▸ Work order
Once you reach the line with "Mercedes GLB 200d interior trasera", copy it and every line after it exactly, up to the end of the data. Omit the pictures.

[Web page caption snippets]
[Start of section]
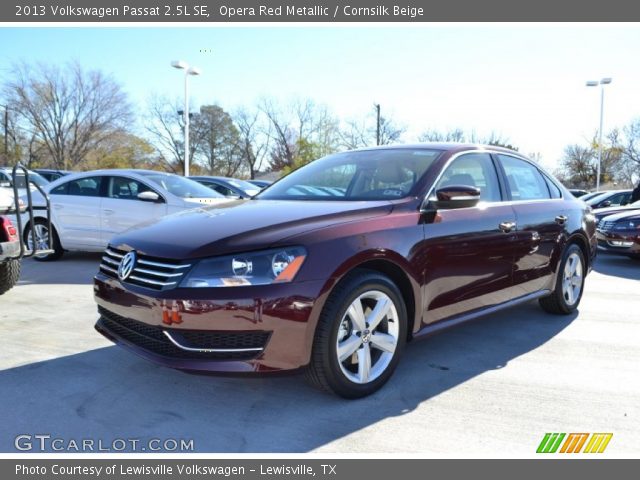 2013 Volkswagen Passat 2.5L SE in Opera Red Metallic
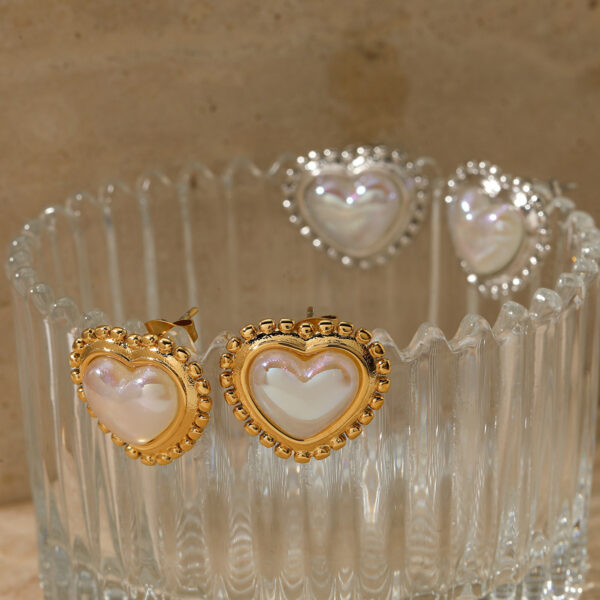 Temperament Entry Lux New 316 Stainless Steel Love Heart Stud Earrings - Image 2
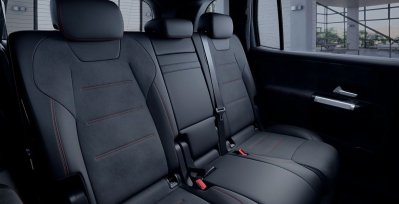 Mercedes GLB 200d interior trasera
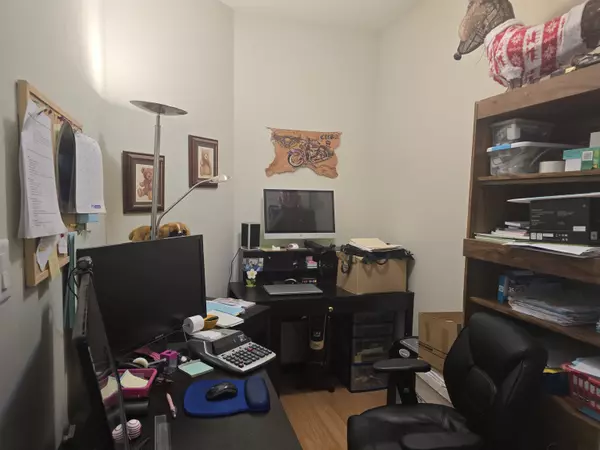 Abbotsford, BC V2S 1Y1,33328 E Bourquin CRES #307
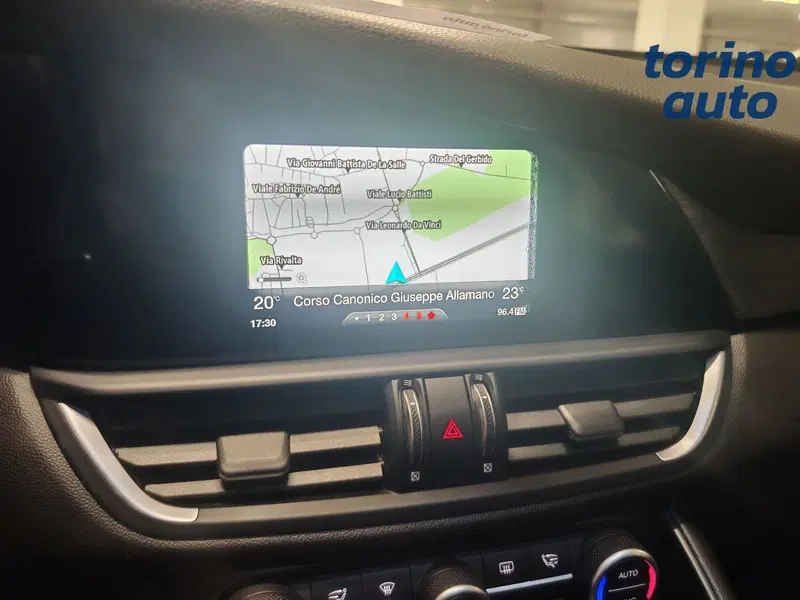 Alfa Romeo Giulia usata a Torino (14)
[End of section]
▸ Task solution
 Mercedes GLB 200d interior trasera
 Abbotsford, BC V2S 1Y1,33328 E Bourquin CRES #307
 Alfa Romeo Giulia usata a Torino (14)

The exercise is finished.